17174 (14)-Z İyad b.
Lakit bildiriyor: Ebu Rimse şöyle dedi: "Ben de çocuk iken babamla
birlikte çıktım. Öğle sıcağında bir evin gölgesihde oturan bir adamın yanına geldik.
üzerinde iki yeşil giysi vardı. Saçları kulak memesi hizasındaydı. Başında kına
lekeleri bulunmaktaydı. Babam bana: "Bunun kim olduğunu biliyor
musun?" diye sordu. Ben: "Hayır" deyince şöyle dedi: "Bu,
Resulullah'tır..." sonrasında Ebu Rimse söz konusu hadisi aktardı.
[sahih]
20672 (2)'de tekrar
edecektir.
17175 (15)-Z İyad b.
Lakit, Ebu Rimse'den bildiriyor: Kendisi oğluyla birlikte Resulullah
(Sallallahu aleyhi ve Sellem)'in yanına girdi. Allah Resulü (Sallallahu aleyhi
ve Sellem): ''Bu, oğlun mudur?'' diye sorunca: "Evet" cevabını verdi.

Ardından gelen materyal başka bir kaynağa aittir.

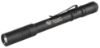 Picture of Streamlight® Stylus Pro Usb W/Usb Cord  Nyl Hst Blk/Wht Led Part# - 66134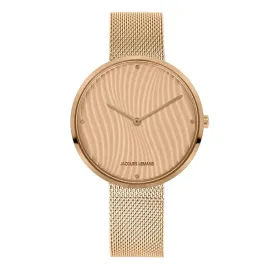 jacques-lemans-1-2093i-design-collection-zegarek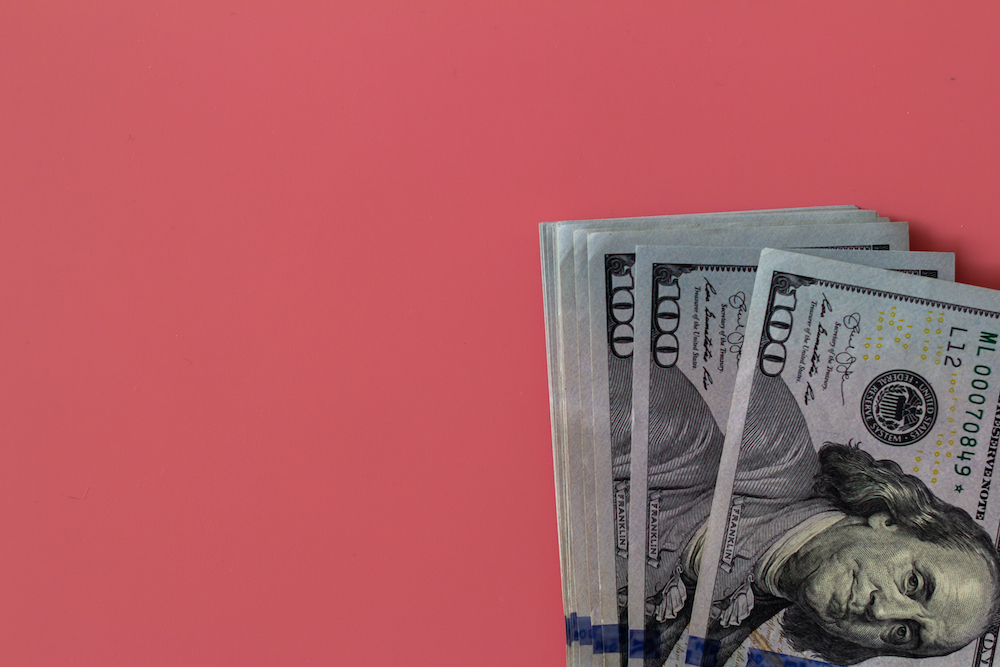 Why You Should Make an Emergency Fund a Priority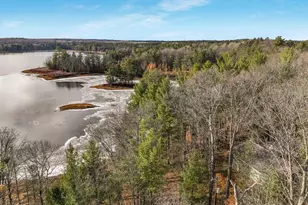 N8878 Lakeshore Dr, Hayward, WI 54843 - Photo 49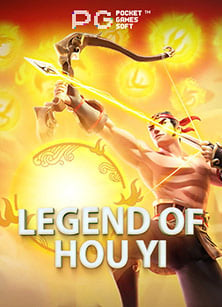 สมัคร slot เครดิต ฟรี เพิ่มโอกาสชนะด้วยสูตรลับง่ายๆ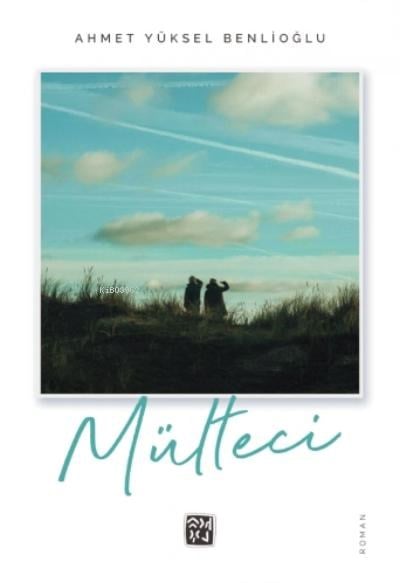 Mülteci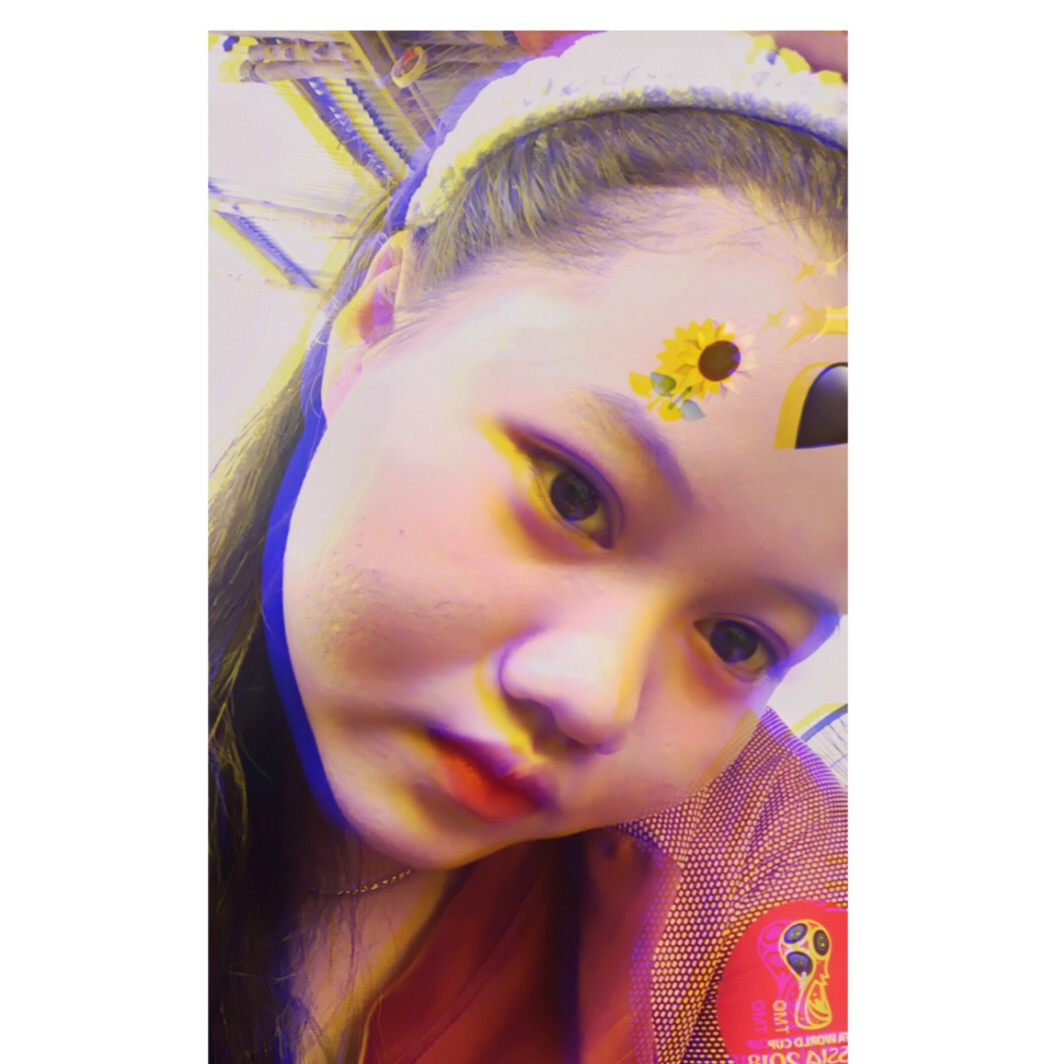 Daa_첸다🌻🌈🧸 daa_jj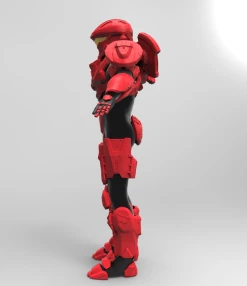 Nikko Industries Halo 4 Recon Armor With MA37 Rifle 8 Nikko Industries Halo 4 Recon Armor With MA37 Rifle -cheap helmet store 0 6 2cf1029c cde3 4e5f 809d 5390ad1393a6 605x700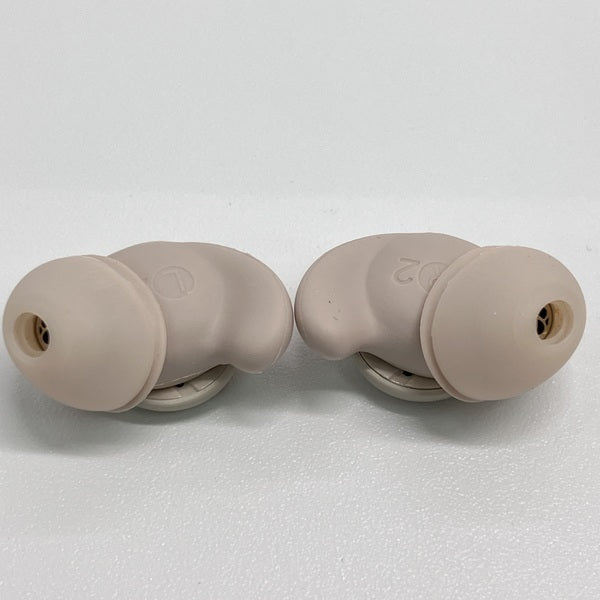 Anker 【中古】Soundcore Sleep A20 サンドベージュ 【A6611Z21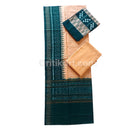 Sambalpuri Salwar Suit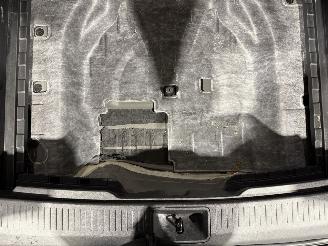 Nissan Ariya Engage 66kWh 160kW Automaat picture 43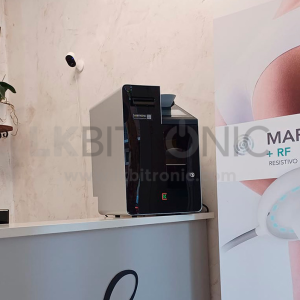 cajon inteligente cashkeeper ck950 bar torrejon de ardoz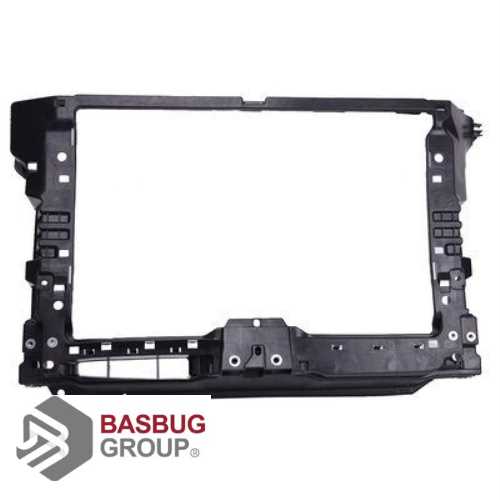 PANEL ÖN  BM JETTA 10- Ürün Görseli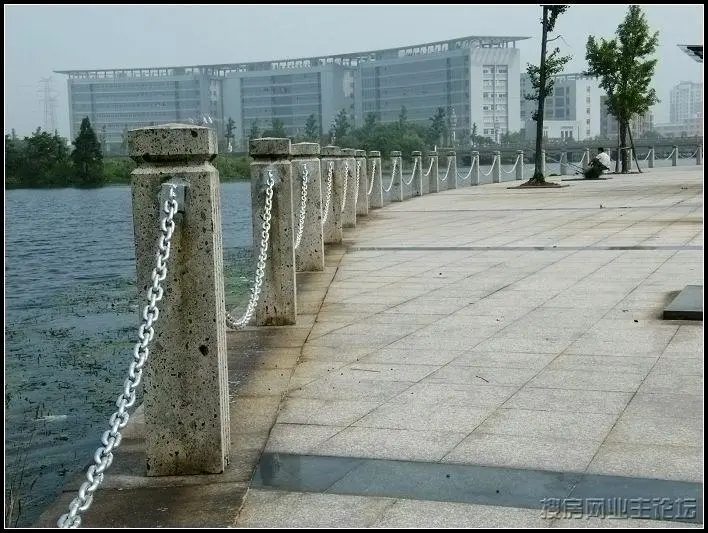 袍江人口_绍兴袍江新区规划图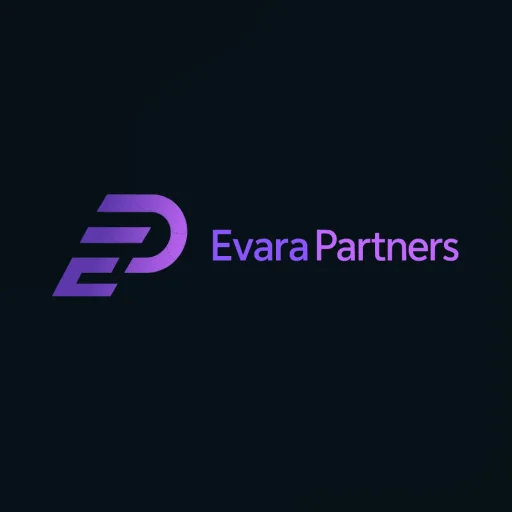 EvaraPartners
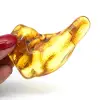 Ambre naturelle de Russie - 0
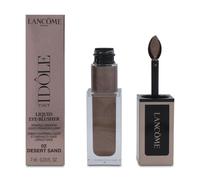 Lancome Idole Teint Liquid Eyeshadow Blusher 02 Desert Sand Pink Liner Blush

Bunun üzerine Hz. Nebi (Sallallahu aleyhi ve Sellem): ''Bilmiş ol ki ne o senin
suçundan dolayı, ne de sen onun suçundan dolayı sorumlu tuıulursun"
buyurdu.
[sahih]
2. Haşhaş el-Anberi
17176 (1) Haşhaş el-Anberi der ki: Oğlumla birlikte Allah Resulü'nün
(Sallallahu aleyhi ve Sellem) yanına gittim. Resulullah (Sallallahu aleyhi ve
Sellem): ''Bu, oğlun mudur?'' diye sordu. Ben: "Evet" cevabını
verince: "Ne o senin suçundan dolayı, ne de sen onun suçundan dolayı
sorumlu tulursun'' buyurdu.
[Zayıf]
Diğer tahric: İbn Mace
(2671) rivayet etti.
17177 (2)- Haşhaş
el-Anberi der ki: Oğlumla birlikte Allah Resulü'nün (Sallallahu aleyhi ve
Sellem) yanına gittim. Resulullah (Sallallahu aleyhi ve Sellem): ''Bu, oğlun
mudur?'' diye sordu. Ben: "Evet" cevabını verince: "Ne o senin
suçundan dolayı, ne de sen onun suçundan dolayı sorumlu tutulursun'' buyurdu.
Huşeym'in bir
rivayetinde bildirdiğine göre Yunus: "Bir kişi bana Husayn b.
Ebi'lHurri'den bildirdi" şeklinde rivayet etmiştir.
[Sahih]
3. Bir Adam,
Babasından Bildiriyor
17178 (1) Ebu'n-Nadr, Temim oğullarından olan bir adamdan bildiriyor:
Hz. Osman zamanında bir
adamın bildirdiğine göre babası, Resulullah (Sallallahu aleyhi ve Sellem) ile
karşılaşıp: "Ey Allah'ın Resulü! Başkasının işlediği bir suçtan dolayı
sorumlu tutulmamam için bana bir yazı yaz" deyince, Resulullah (Sallallahu
aleyhi ve Sellem): ''Bu durum hem senin için, hem de her müslüman için
geçerlidir'' buyurmuştur.l
[Hasen]
Heysemi (10703) der ki:
"Hadisi Ahmed rivayet etmiştir. Senedinde adı zikredilmeyen bir ravi
bulunmaktadır. Diğer ravileri, Sahih'in ravileridir."
4. Amr b. el-Ahvas
17179 (1) Süleyman b. Amr b. el-Ahvas der ki: Babam bana, Resulullah
(Sallallahu aleyhi ve Sellem) ile birlikte Veda haccında bulunduğunu ve Hz.
Nebi (Sallallahu aleyhi ve Sellem)'in: ''Her suç işleyen mutlaka cezasını
kendisi çekecektir. Hiç bir baba çocuğunun suçundan dolayı sorumlu
tutulamayacağı gibi hiç bir çocuk ta babasının suçundan dolayı sorumlu
tutulmaz'' buyurduğunu söyledi.
[Sahih]
Diğer tahric: İbn Mace,
diyat 2/890 (2669) ve Taberani, M. el-Kebir 17/32 (59) rivayet ettiler.